Der Zwischenfall ereignete sich gegen 15:45 Uhr, als die Frau versuchte, den Mann über einen unbeschrankten Bahnübergang zu schieben. Dabei übersah sie sowohl das rote Warnlicht als auch den herannahenden Zug auf der Strecke von Kißlegg nach Aulendorf. Als der Zug sich näherte, betätigte der Lokführer die Hupe und leitete eine Notbremsung ein.
Die Frau zog den Rollstuhl im letzten Moment noch rechtzeitig von den Gleisen – eine Kollision konnte so verhindert werden. Verletzte gab es keine, doch das Bundespolizeiinspektion Konstanz hat die Untersuchungen aufgenommen. Es besteht der Verdacht auf einen Verstoß gegen die Eisenbahn-Bau- und Betriebsordnung.

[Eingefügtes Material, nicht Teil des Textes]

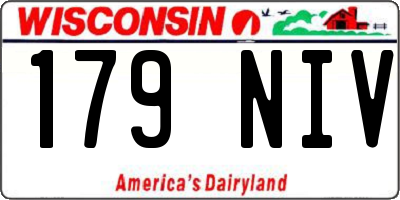 WI license plate 179NIV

Dieser Beinahe-Unfall reiht sich in einen allgemeinen Rückgang von Unfällen an Bahnübergängen der Deutschen Bahn ein. Im Jahr 2023 wurden 154 solche Vorfälle registriert – ein deutlicher Rückgang im Vergleich zu 603 Kollisionen im Jahr 1995.
Die Ermittlungen sollen klären, ob Anklage wegen Störung des Bahnbetriebs erhoben wird. Der unbeschrankte Übergang bleibt nach dem Vorfall weiter im Fokus der Behörden. Die Sicherheitslage an ähnlichen Übergängen in der Region wird weiterhin überwacht.